__Problem to solve__
Repeat the entries that follow verbatim, without any of their pictures.

Stored entries:
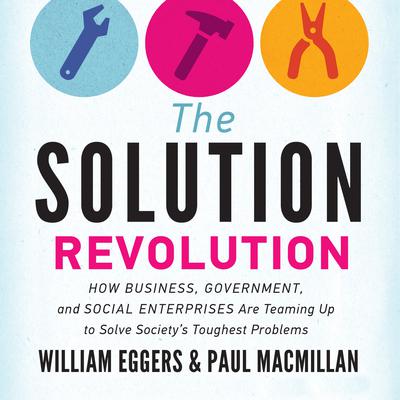 The Solution Revolution by William Eggers audiobook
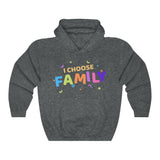 I Choose Family Hooded Sweatshirt, Family Hooded Sweatshirt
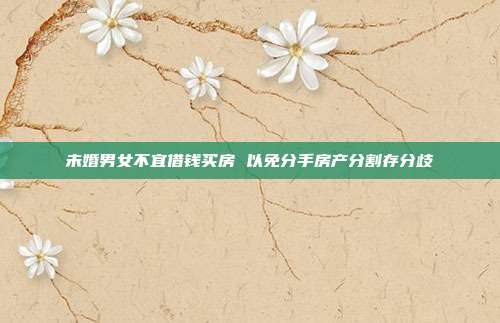 未婚男女不宜借钱买房 以免分手房产分割存分歧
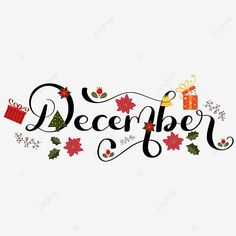 the word december is surrounded by christmas decorations and presents, lettering, font, handwritten png and psd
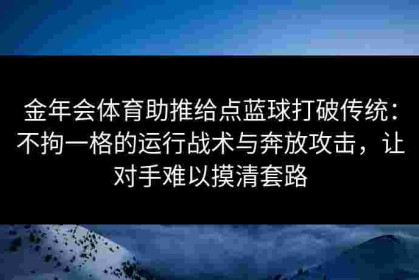 金年会体育助推给点蓝球打破传统：不拘一格的运行战术与奔放攻击，让对手难以摸清套路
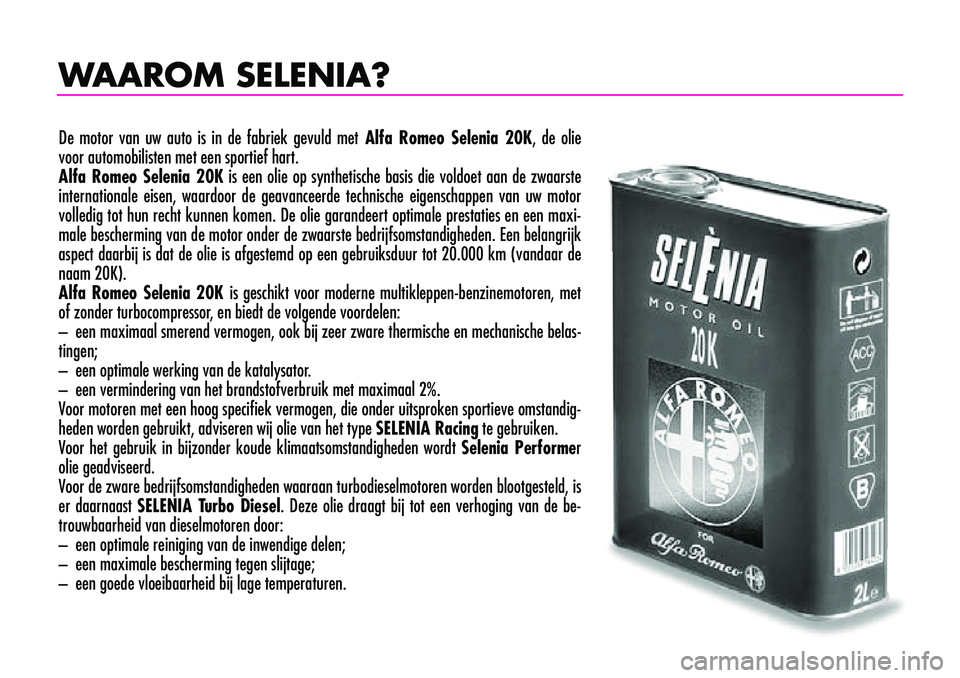 Alfa Romeo 156 2005  Instructieboek (in Dutch) WAAROM SELENIA?
De motor van uw auto is in de fabriek gevuld met Alfa Romeo Selenia 20K, de olie
voor automobilisten met een sportief hart.
Alfa Romeo Selenia 20K is een olie op synthetische basis die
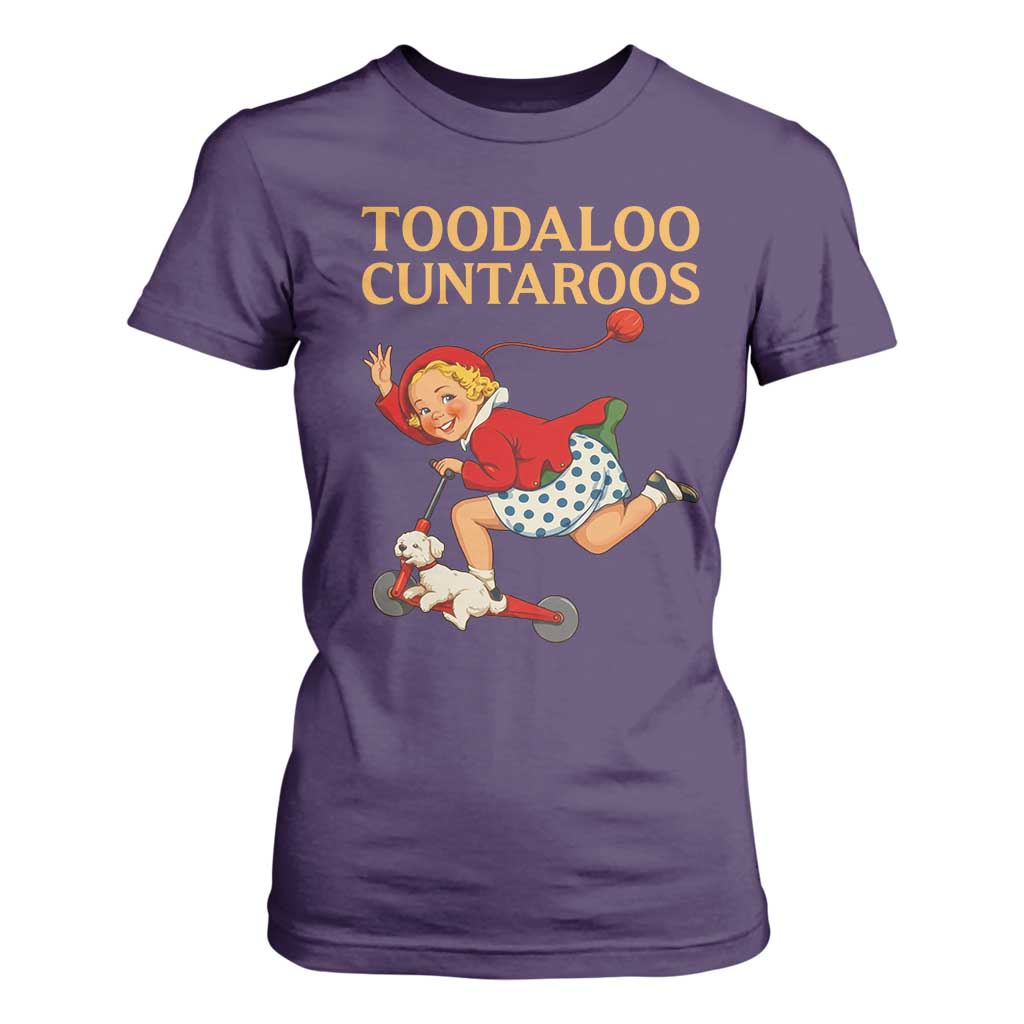 Toodaloo Cuntaroos Funny Offensive Retro Goodbye T Shirt For Women Vintage Scooter Girl Cartoon Edgy Adult Humor TS02 Purple Print Your Wear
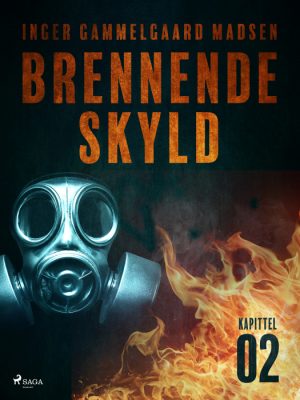 Brennende skyld: Kapittel 2 (E-bog)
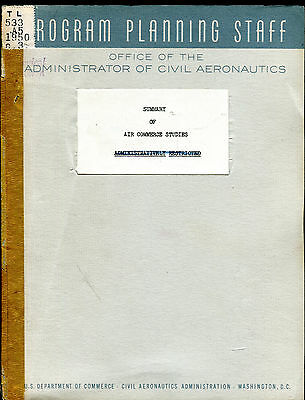 Administrator Of Civil Aeronautics Summary Of Air Commerce EX FAA 031016jhe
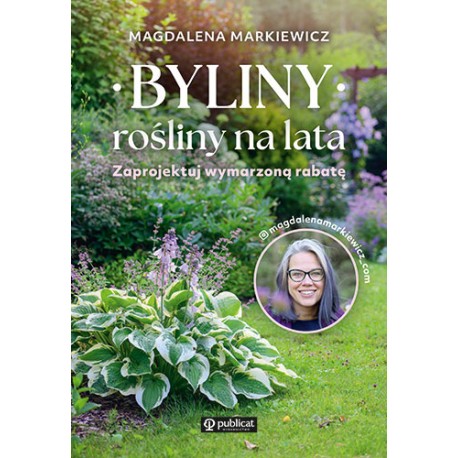 Byliny: rośliny na lata. Zaprojektuj wymarzoną rabatę Magdalena Markiewicz motyleksiazkowe.pl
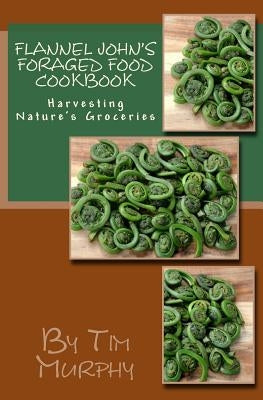 Flannel John's Foraged Food Cookbook: Harvesting Nature's Groceries by Murphy, Tim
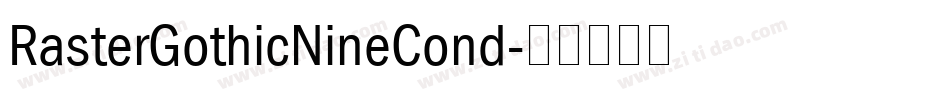 RasterGothicNineCond字体转换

__Solution to this exercise__
 The Solution Revolution by William Eggers audiobook
 I Choose Family Hooded Sweatshirt, Family Hooded Sweatshirt
 未婚男女不宜借钱买房 以免分手房产分割存分歧
 the word december is surrounded by christmas decorations and presents, lettering, font, handwritten png and psd
 金年会体育助推给点蓝球打破传统：不拘一格的运行战术与奔放攻击，让对手难以摸清套路
 Alfa Romeo 156 2005  Instructieboek (in Dutch) WAAROM SELENIA?
De motor van uw auto is in de fabriek gevuld met Alfa Romeo Selenia 20K, de olie
voor automobilisten met een sportief hart.
Alfa Romeo Selenia 20K is een olie op synthetische basis die
 Toodaloo Cuntaroos Funny Offensive Retro Goodbye T Shirt For Women Vintage Scooter Girl Cartoon Edgy Adult Humor TS02 Purple Print Your Wear
 Brennende skyld: Kapittel 2 (E-bog)
 Administrator Of Civil Aeronautics Summary Of Air Commerce EX FAA 031016jhe
 Byliny: rośliny na lata. Zaprojektuj wymarzoną rabatę Magdalena Markiewicz motyleksiazkowe.pl
 Flannel John's Foraged Food Cookbook: Harvesting Nature's Groceries by Murphy, Tim
 RasterGothicNineCond字体转换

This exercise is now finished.